On Sun, Jul 19, 2009 at 3:08 PM, R. David Murray<rdmurray [at] bitdance> wrote:
> On Sun, 19 Jul 2009 at 16:07, Nick Coghlan wrote:
>>
>> David Lyon wrote:
>>>
>>> So it isn't clear why you want to remove the thing that you are
>>> advocating works so great....
>>
>> Jim was quoting someone *else* that had suggested removing it (I'm not
>> sure how serious the original suggestion actually was though).
>
> It was Tarek, and I'm pretty sure it was in the nature of what
> rhetoricians (among others) call "reductio ad absurdum".  But
> Tarek would have to let us know for sure, since it seems from
> subsequent discussion that the notion is not _completely_ absurd,
> just mostly :)
>

Yes, well, maybe we should go back to Python-ideas to continue this
discussion, :)

What made me say that, is the unecessary complexity of the situation
because we have right now :

"Python the application" v.s. "Applications that uses Python the interpreter"

So we have:

A - a drop-it-in directory were we can put packages and modules

B - installers that adds automatically packages and modules in the
drop-it-in directory

C - applications that uses these installers to install themselves and
their dependencies in the drop-it-in directory.

D - a tool like virtualenv that duplicates a Python installation so
this drop-in-in directory is not shared globally

C - installation documentation that tells you to use virtualenv to
create a custom environment
so you are sure not to break dependencies. (But you can break
them nevertheless because using virtualenv
is not enforced :) )

E - OS packagers that installs all distributions in the drop-it-in
directory (or a similar place)


So if you remove the global site-packages, "Python the application"
dissapear in favor of "Python the interpreter",
and people have to point a local, non-shared drop-it-in directory to
run any python application that uses extra modules:

1- For Jim's case, the per-user site packages (PEP 370) can be used
2- For every application it can be a local directory loaded in
sys.path at startup
3- For OS packagers a single directory where they maintain a
collection of packages and modules for their system.

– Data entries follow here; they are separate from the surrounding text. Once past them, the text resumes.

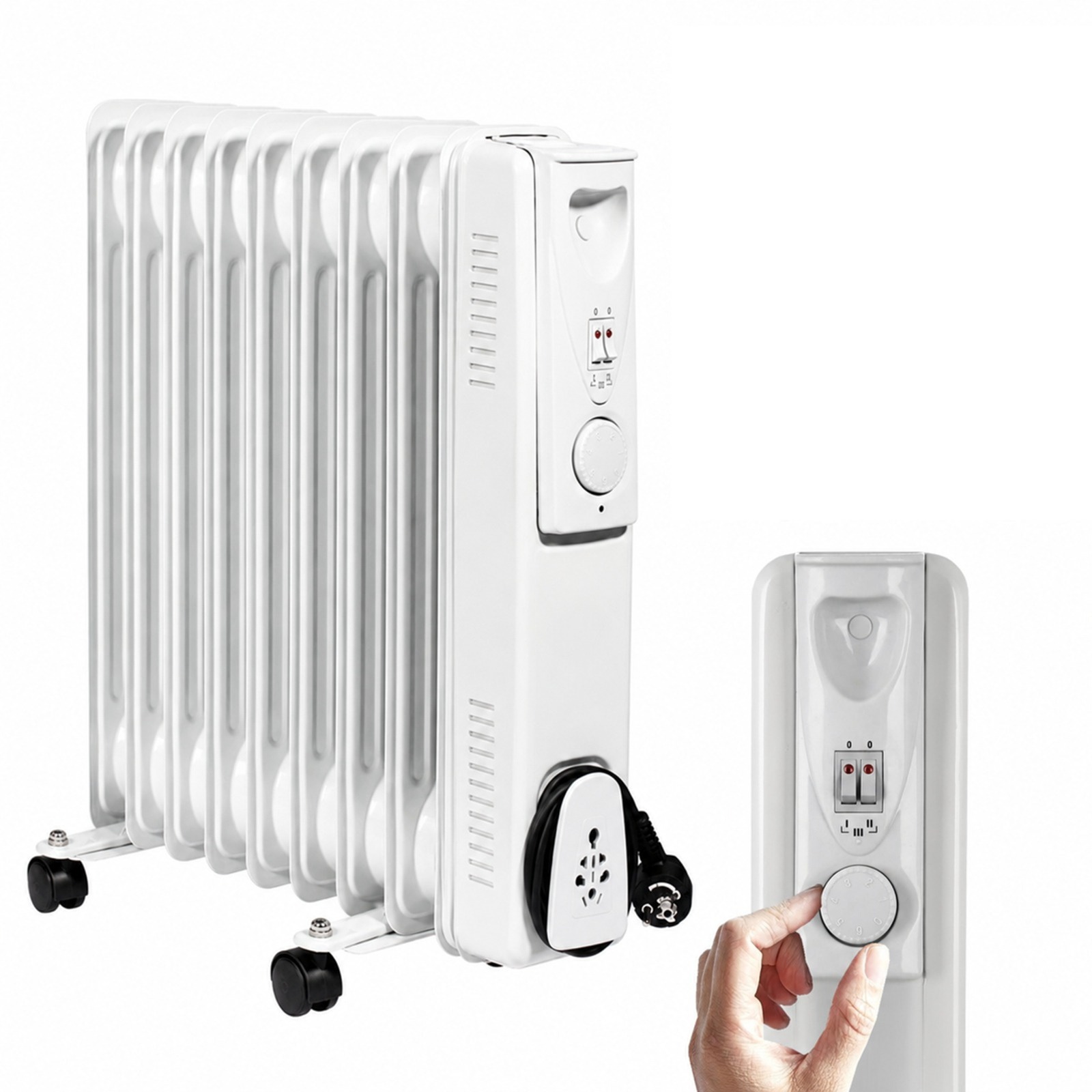 Elektrický Ohřívač 2000 Watt Olejový 9 Žeber Oleják Termostat Žebrový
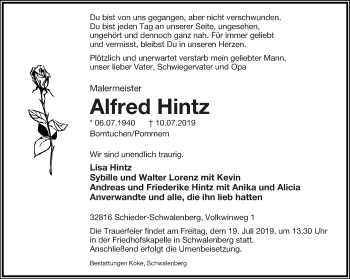 Anzeige  Alfred Hintz  Lippische Landes-Zeitung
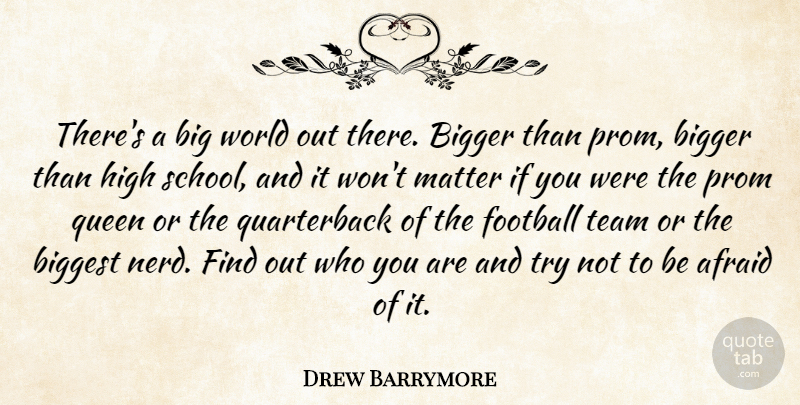 Drew Barrymore Quote About Football, Queens, Team: Theres A Big World Out...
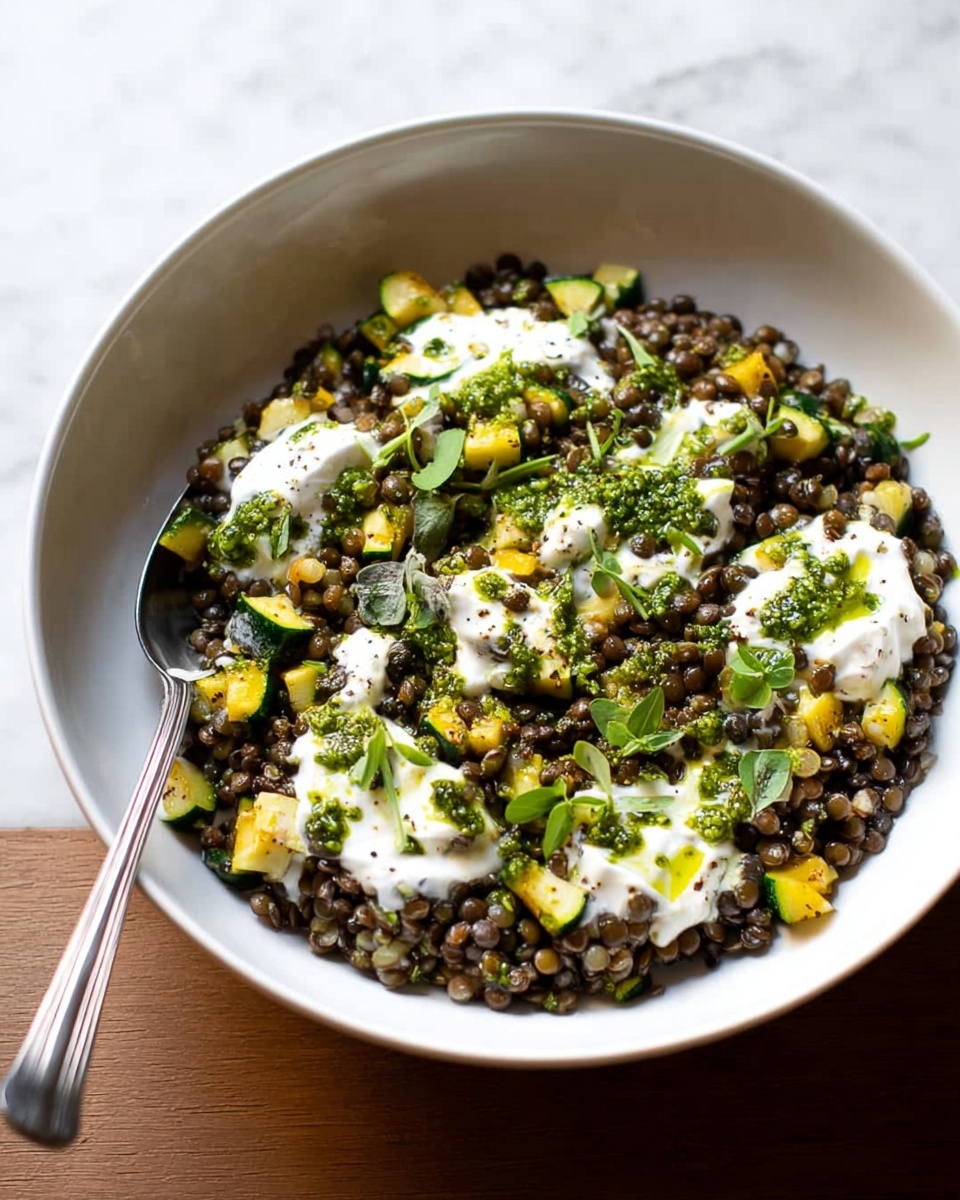 A white bowl filled with a mix of small, round dark lentils and chopped yellow and green zucchini pieces mixed evenly as the first layer. On top, there are dollops of creamy white yogurt or sauce spread in patches across the lentils, with bright green pesto or herb oil drizzled over the white sauce. Small green herb leaves are scattered on top, adding fresh color. A silver spoon rests on the left edge of the bowl. The bowl is placed on a white marbled textured surface. photo taken with an iphone --ar 4:5 --v 7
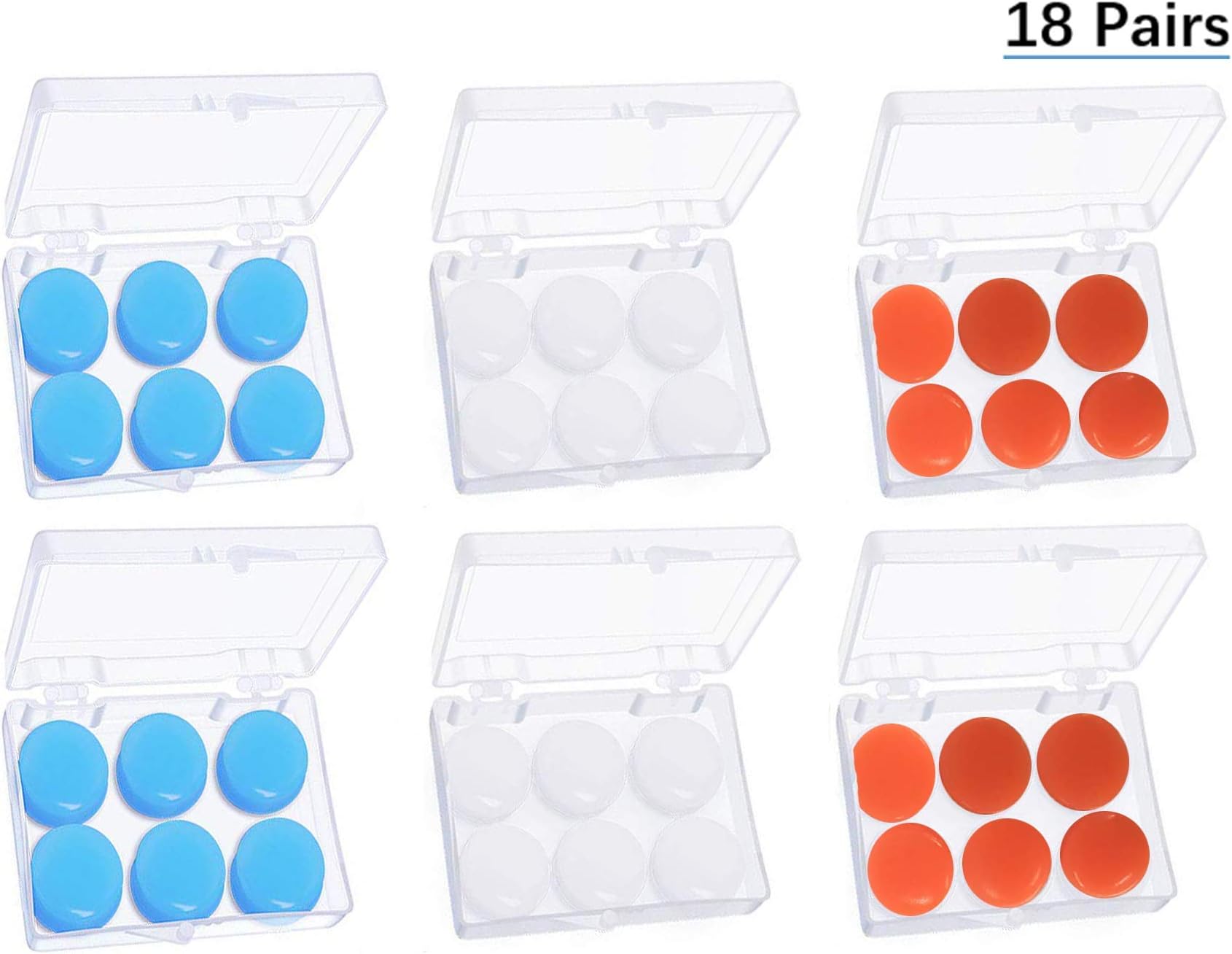 LAVZAN 18 Pairs Soft Silicone Ear Plugs Putty Ear Plugs for Sleeping Swimming earplugs for Kids Adults, Transparent + Orange + Blue
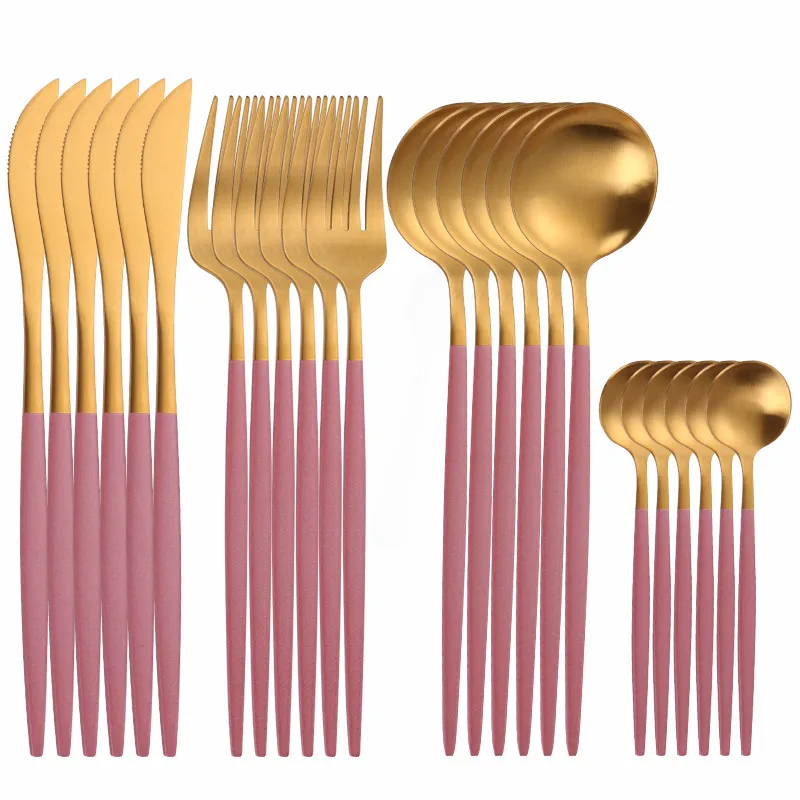 

Stainless Steel Cutlery Set 24pcs Matte Dinner Set Tableware Set Gold and Pink Kitchen Tableware Spoon Fork Knife Dinnerware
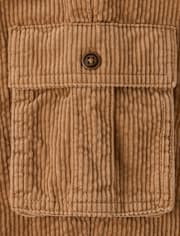 Kids Corduroy Pull On Relaxed Cargo Pants - Royal Christmas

But unfortunately, the problem remains because of (3) : OS packagers
will fight against applications (2) that deal with their own
dependencies to avoid having duplicate packages in their system.

That's why a shared space, not loaded at startup by site.py, that
knows how to handle multiple versions for the same distribution
would be required. Every script (eg application) would decide which
version to use, or use the default version by default.
And a smart PEP 302 loader/importer would get the right versions.